Dit laatste vergroot tegelijkertijd het gevoel van continue doorstroming, en dat wordt in Hsia Yü’s laatste bundel nog eens versterkt door de typografie, die ze voor al haar bundels zelf heeft verzorgd. Binnen een regel staan de karakters namelijk zo dicht tegen elkaar gedrukt, dat ze haast in elkaar over lijken te lopen, zozeer zelfs dat het lezen er enigszins door wordt belemmerd.

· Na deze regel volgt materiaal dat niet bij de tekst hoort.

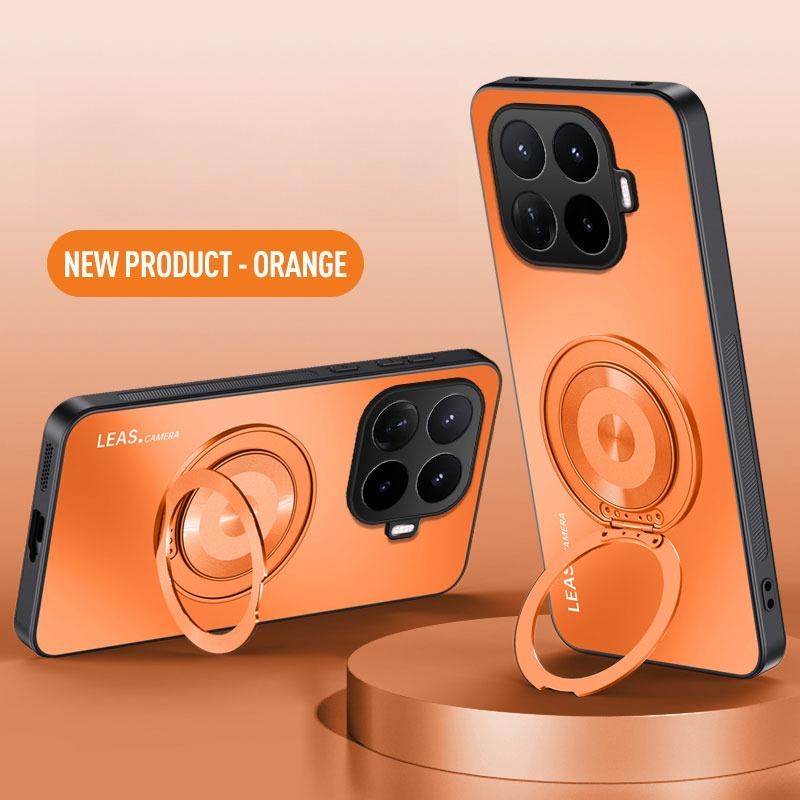 Für Xiaomi 17T/17T Pro/15T/15T Pro Hülle Business Farbverlauf Ständer Kratzfest Stoßfest Abdeckung Für Xiaomi 17 T Pro Funda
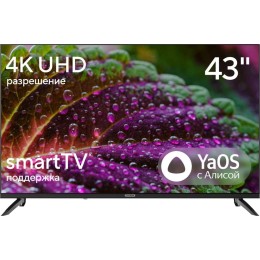 Телевизор Hyundai H-LED43BU7012
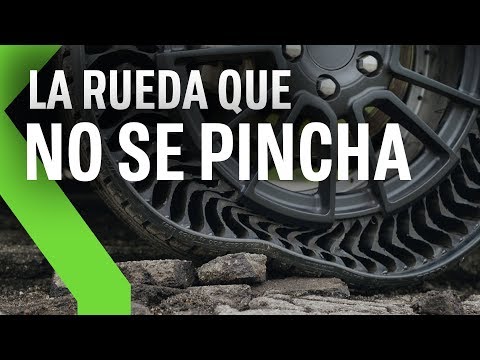 Ruedas antipinchazos, ¿realmente valen la pena?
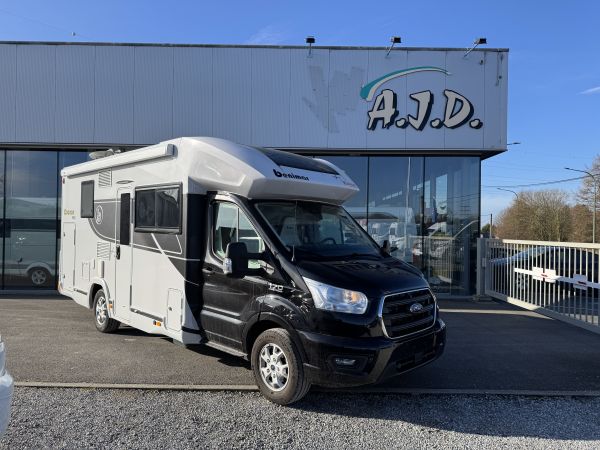 Cocoon 488 Northautokapp (Automatique)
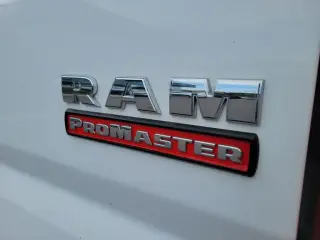 Furgoneta de carga Ram ProMaster 2021 3500 159 WB 3 puertas techo alto carrocería extendida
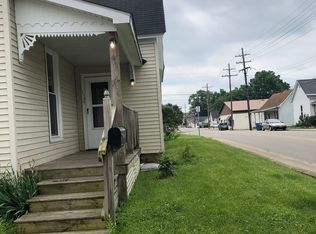 1720 12th St, Bedford, IN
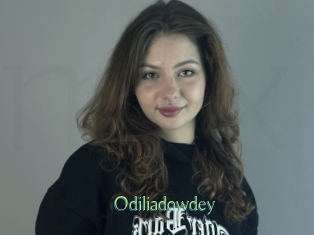 Odiliadowdey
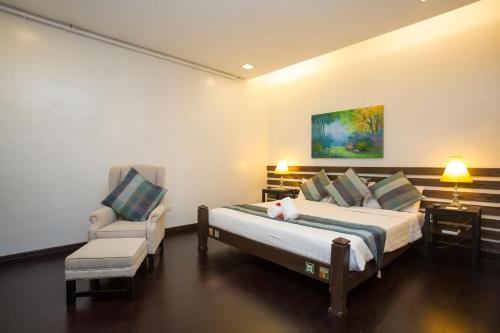 Hotel Soffia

De ‘vrijheid van de lezer’ is een verworvenheid van de moderne poëzie waar ook Hsia Yü aan hecht, maar behalve vrijheid heeft haar lezer dan ook vooral doorzettingsvermogen nodig. En dat begint al bij het materiële boek: voor ze gelezen kunnen worden, moeten de bladzijden van de bundel eerst worden opengesneden. Dat Hsia Yü haar bundel uitdrukkelijk zo heeft vormgegeven, lijkt een teken aan de wand: niet alleen bevestigt het dat een actieve deelname van de lezer wordt verwacht, maar het maakt ook ieder exemplaar van de bundel tot een uniek artefact.

Inhoudelijk spelen relaties tussen mannen en vrouwen een opvallend grote rol in deze poëzie. Het werk van Hsia YÜ, die momenteel als een van de origineelste schrijvers van Taiwan geldt, kan dan ook met recht een ‘zinnenspel’ worden genoemd, in de dubbele betekenis van het woord: taal en zintuiglijkheid.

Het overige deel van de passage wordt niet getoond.